* Available records

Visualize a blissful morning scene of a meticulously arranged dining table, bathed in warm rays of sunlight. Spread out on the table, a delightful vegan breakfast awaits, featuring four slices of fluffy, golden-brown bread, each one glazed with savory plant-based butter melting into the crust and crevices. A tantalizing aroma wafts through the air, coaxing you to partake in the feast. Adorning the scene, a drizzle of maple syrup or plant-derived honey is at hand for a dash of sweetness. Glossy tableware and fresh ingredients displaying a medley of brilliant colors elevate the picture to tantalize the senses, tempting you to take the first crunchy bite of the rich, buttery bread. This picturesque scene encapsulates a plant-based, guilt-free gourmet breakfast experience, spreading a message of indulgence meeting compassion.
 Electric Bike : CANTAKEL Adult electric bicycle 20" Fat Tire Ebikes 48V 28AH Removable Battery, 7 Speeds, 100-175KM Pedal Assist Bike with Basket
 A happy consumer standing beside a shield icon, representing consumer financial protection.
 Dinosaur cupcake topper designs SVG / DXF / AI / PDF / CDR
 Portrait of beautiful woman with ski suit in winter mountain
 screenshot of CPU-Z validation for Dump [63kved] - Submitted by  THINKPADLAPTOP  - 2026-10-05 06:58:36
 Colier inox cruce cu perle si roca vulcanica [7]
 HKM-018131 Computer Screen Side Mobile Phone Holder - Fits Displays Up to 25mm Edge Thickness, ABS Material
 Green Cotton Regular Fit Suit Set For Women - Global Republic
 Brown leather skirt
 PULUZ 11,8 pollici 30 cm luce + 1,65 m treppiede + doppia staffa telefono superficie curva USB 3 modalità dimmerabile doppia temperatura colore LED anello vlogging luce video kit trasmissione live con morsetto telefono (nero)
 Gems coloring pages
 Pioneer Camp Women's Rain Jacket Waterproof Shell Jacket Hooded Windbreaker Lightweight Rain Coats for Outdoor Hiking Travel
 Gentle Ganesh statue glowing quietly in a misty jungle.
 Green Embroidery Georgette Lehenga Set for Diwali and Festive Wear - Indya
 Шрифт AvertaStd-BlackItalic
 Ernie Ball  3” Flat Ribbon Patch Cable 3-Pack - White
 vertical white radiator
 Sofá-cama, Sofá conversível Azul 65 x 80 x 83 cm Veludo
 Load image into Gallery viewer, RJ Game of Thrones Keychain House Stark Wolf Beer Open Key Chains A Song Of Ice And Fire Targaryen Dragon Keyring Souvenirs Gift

* Problem details
Within the listing above, each line containing "Green" is counted once; report the total and nothing else.

* Output of the task
2